Good business decisions are almost always based on fact. Factual data provides a measure of objectivity, even when a decision ultimately comes down to your best educated guess. Although demand estimation is really an educated guess, it can include the use of fact, up to and including a set of complex statistical calculations that can be difficult to understand and to complete. While other available methods may be less scientific, they are also easier to use. Because demand estimation provides crucial information, every business owner should be familiar with the concept and know how to apply estimation results.

The Basics

Demand estimation is a prediction focusing on future consumer behavior. It predicts demand for a business’s products or services by applying a set of variables that show how, for example, price changes, a competitor's pricing strategy or changes in consumer income levels will affect product demand. Once armed with this information, management can then begin to make strategic business decisions ranging from reviewing pricing strategies to setting product inventory levels to deciding whether to make fixed asset investments and whether to introduce a new product or enter a new market.

Survey Method

Consumer interviews, surveys and focus group meetings are a grass-roots method of estimating demand. The method operates under the idea that consumers know themselves best and that interacting with consumers directly is the best way to estimate future product demand. Getting information directly from consumers, however, decreases objectivity and increases the chance of errors. It can be difficult, for example, to get a truly random sample of the target consumer population. Consumer responses may also be biased in that responses may not reflect what a consumer will do, but rather what they would like to do, or a consumer may be unable to provide a precise or accurate response.

Market Study Method

Market studies are a direct demand estimation method that combines consumer interaction with science. The process starts by setting a constant, such as price, and variables such as size and/or color. Market studies then display products at, for example, the same price, but in a variety of sizes and locations or settings over a period of time. Once the study is complete, analyzing the results reveals how demand for the product at that price changes according to, in this case, size or color.

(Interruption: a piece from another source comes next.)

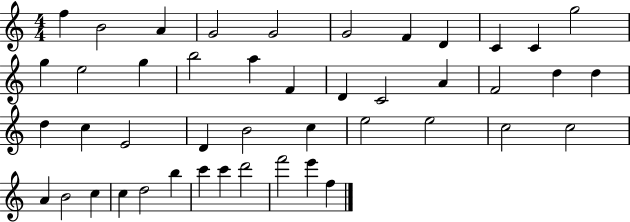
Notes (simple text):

F5/q B4/h A4/q G4/h G4/h G4/h F4/q D4/q C4/q C4/q G5/h G5/q E5/h G5/q B5/h A5/q F4/q D4/q C4/h A4/q F4/h D5/q D5/q D5/q C5/q E4/h D4/q B4/h C5/q E5/h E5/h C5/h C5/h A4/q B4/h C5/q C5/q D5/h B5/q C6/q C6/q D6/h F6/h E6/q F5/q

Regression Analysis Method

Demand estimation can also rely on regression analysis, a statistical way to find the best relationship between a dependent variable – in this case, product demand – and one or more independent variables, such as price or location. Although fully understanding demand estimation calculations requires a background in statistics, the process is not difficult to understand. Setup starts by identifying and obtaining data, such as cross-sectional market data or results of a time study or consumer survey on the independent variable or variables to be used in the calculation. Next comes choosing between using a simple or multiple regression model, depending on whether the calculation includes one or multiple variables. Both models display demand as an unknown. Parameters such as a specific price or average annual income are set. Statistical calculations can then begin, and management can move on to interpreting results.